Major funds in the world are slashing their CEO’s pay in view of the dismay performance of the investment industry last year, reported Financial News yesterday (‘Asset managers slash CEO pay after tough 12 months‘, 15 Apr).
Most of the asset management funds which are listed publicly like Man Group, Jupiter, SLA and Schroders saw their share price fall, as the investment industry had one of its worst years in 2018.
Their CEOs were forced to take pay cuts worth millions of dollars last year.
“Top bosses at Man Group, Jupiter Fund Management, Standard Life Aberdeen and Schroders had their pay packages crunched after they failed to substantially increase assets under management and revenues.
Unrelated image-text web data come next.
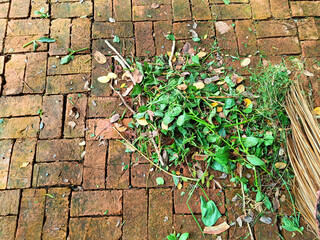 Sweep foliage when the area needs to be cleared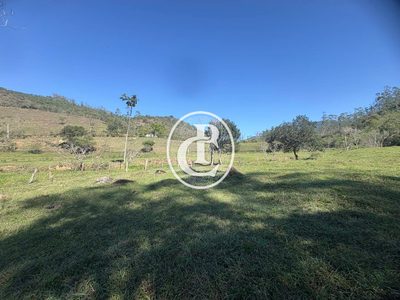 Sítio, 1 quarto, 50 m² - Foto 1
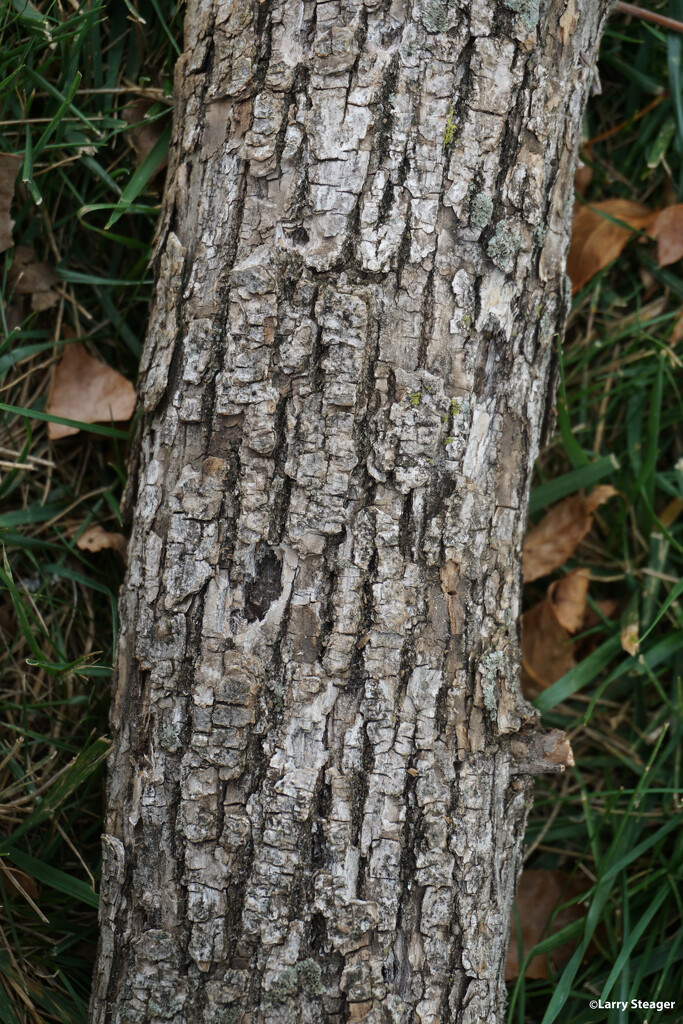 Bark pattern by larrysphotos
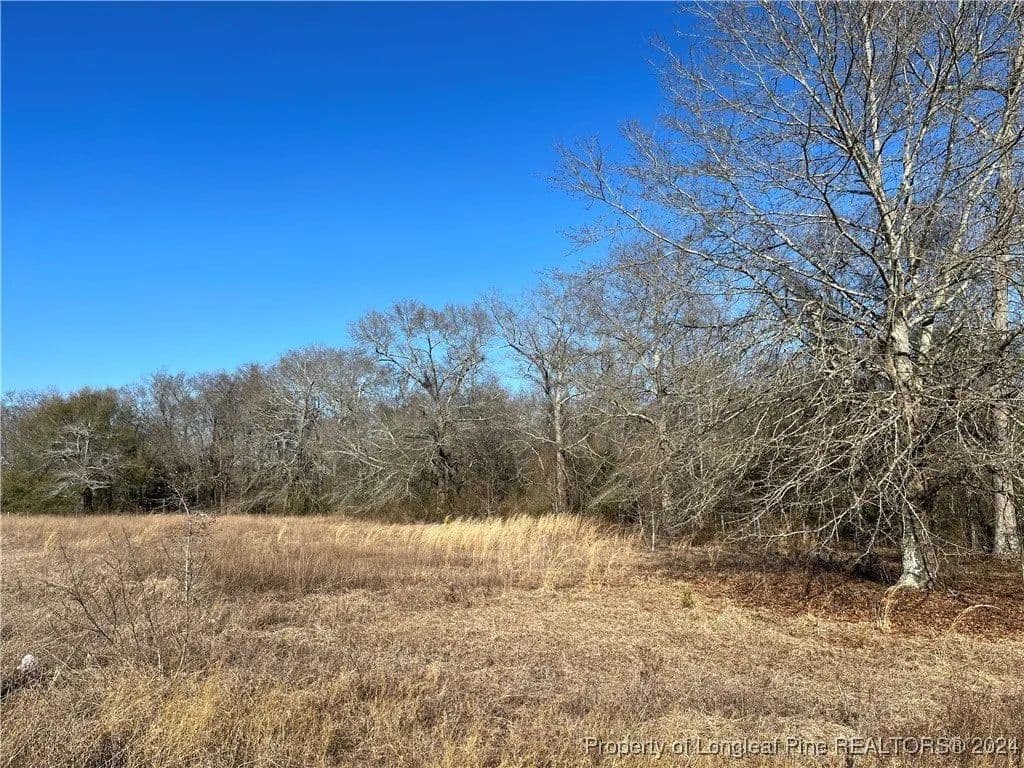Lots & Land-Other in Gibson - Gibson, North Carolina, 28343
All four investment companies experienced double-digit share price falls last year,” Financial News said.
Jupiter’s CEO removed
Luke Ellis, CEO of Man Group, had the biggest drop with his total pay halving to US$2.9m in 2018, down from US$6.2m in 2017. The company’s share price fell by more than a third last year, and assets under management decreased slightly to US$108.5 billion. Performance fees dropped by 63% to $122 million.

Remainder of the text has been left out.